Addis-Abeba- Ethiopie (PANA) -- Le Conseil de paix et de sécurité (CPS) de l'Union africaine (UA) a renouvelé son appel au gouvernement soudanais pour que des mesures concrètes soient prises d'urgence pour traduire en justice les auteurs de violations des droits de l'homme dans la région en proie à des troubles du Darfour.
Dans un communiqué rendu public à l'issue de sa 151-ème réunion à Addis-Abeba ce mardi, le Conseil a exprimé "sa profonde préoccupation face à la poursuite des violences dans cette région, en particulier les attaques contre la population civile, les travailleurs humanitaires et la force de maintien de la paix de l'UNAMID".
Le CPS s'est néanmoins félicité de la disposition du gouvernement soudanais à impliquer les avocats désignés par l'UA et la Ligue arabe dans les poursuites judiciaires envisagées afin de leur donner la crédibilité requise.
"Le Conseil réaffirme sa condamnation de tous les actes de violence au Darfour et de toutes les violations des droits de l'homme et insiste, encore une fois, sur la nécessité de traduire leurs auteurs en justice", indique le communiqué.
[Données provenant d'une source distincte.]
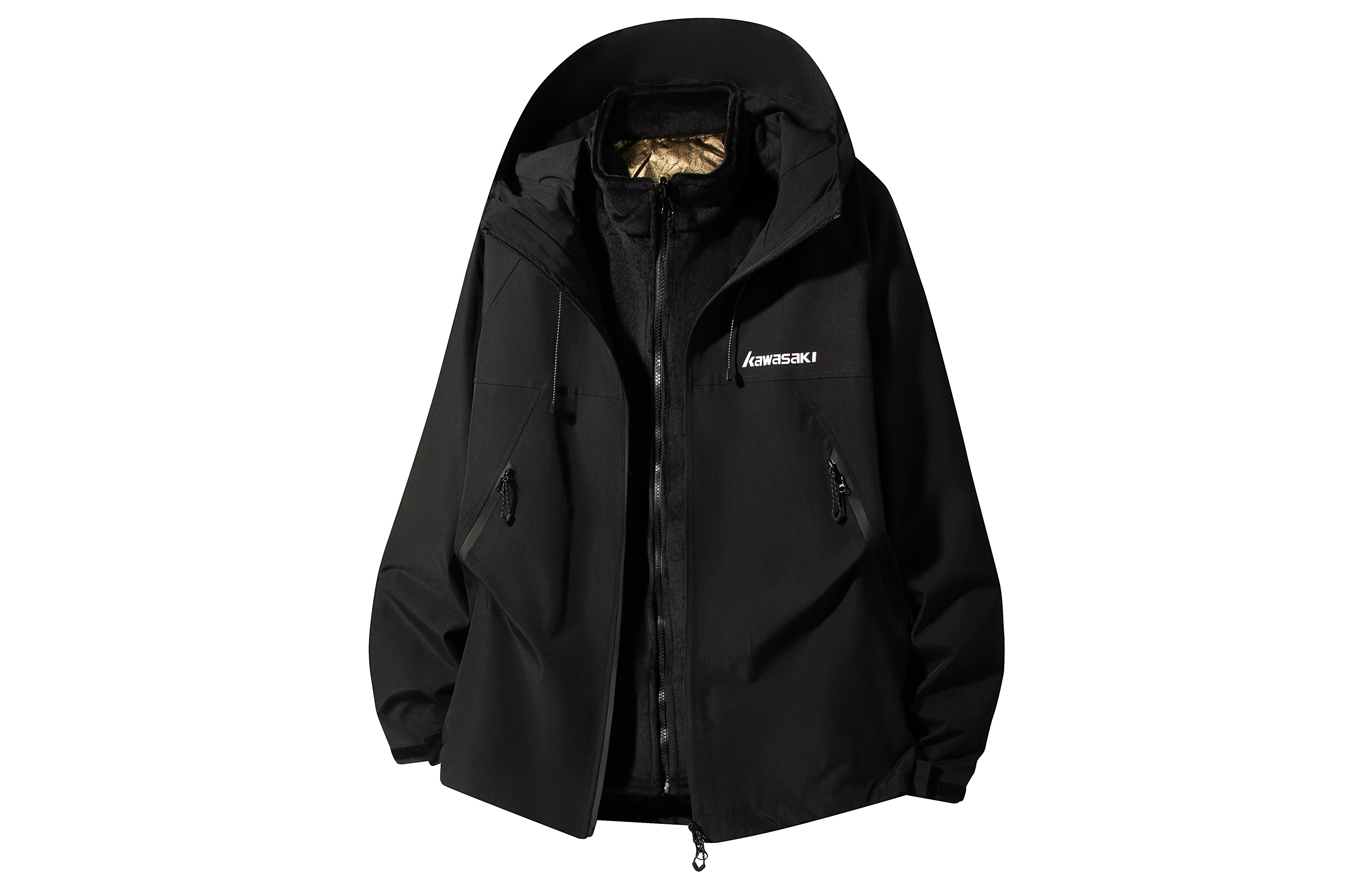 Женская куртка Kawasaki 3-in-1 Jacket (розовая)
Le Conseil a souligné l'engagement sans faille de l'UA dans la lutte contre l'impunité et pour la promotion de la démocratie, le respect de l'Etat de droit et la bonne gouvernance à travers tout le continent, conformément à son acte constitutif.
Par ailleurs, le CPS a réaffirmé la décision des chefs d'Etat de l'UA sur l'abus du principe de la juridiction universelle adoptée lors du sommet ordinaire du 30 juin au 1er juillet à Sharm El Sheikh, en Egypte et a insisté sur la nécessité de l'administration de la justice internationale de manière transparente, conformément aux principes du droit international.
En rappelant la résolution 1828 (2008) du 31 juillet 2008 du Conseil de Sécurité de l'ONU, le CPS a renouvélé sa requête du report du processus initié par le Procureur de la Cour pénale internationale (CPI) pour qu'un mandat d'arrêt soit délivré contre le président soudanais.
Dans le même esprit, le Conseil a souligné que l'application de l'Article 16 du Statut de Rome de la CPI était indispensable pour la consolidation des progrès enregistrés jusqu'ici et a demandé au Conseil de Sécurité de l'ONU d'agir immédiatement en ce sens afin de promouvoir la paix et la justice au Darfour et dans tout le Soudan.
En exprimant son soutien à la décision du Conseil de Sécurité de proroger le mandat de l'UNAMID pour une période supplémentaire de 12 mois, le CPS a déclaré avoir noté avec satisfaction les efforts faits pour accélérer le déploiement de cette force, en vue d'atteindre 80 pour cent de sa taille autorisée d'ici au 31 décembre 2008.
"A cet égard, le Conseil invite la communauté internationale à apporter le soutien nécessaire, particulièrement en ce qui concerne la logistique, pour permettre à l'UNAMID de remplir la mission qui lui a été confiée de manière plus efficace", souligne le communiqué.
Le Conseil a également réaffirmé tout son soutien au Médiateur en chef de l'ONU et de l'UA au Darfour, Djibril Yipéné Bassolé, et a invité toutes les parties soudanaises à coopérer pleinement avec lui afin de faciliter la reprise au plus tôt du dialogue politique et la conclusion d'un accord de paix global.
D'après le Conseil, il ne peut y avoir de solution militaire au conflit au Darfour, par conséquent, toutes les parties soudanaises doivent collaborer étroitement et coopérer pleinement avec l'UA et l'ONU afin de parvenir à un accord de paix global, basé sur l'Accord d'Abuja et qui règle toutes les questions pendantes.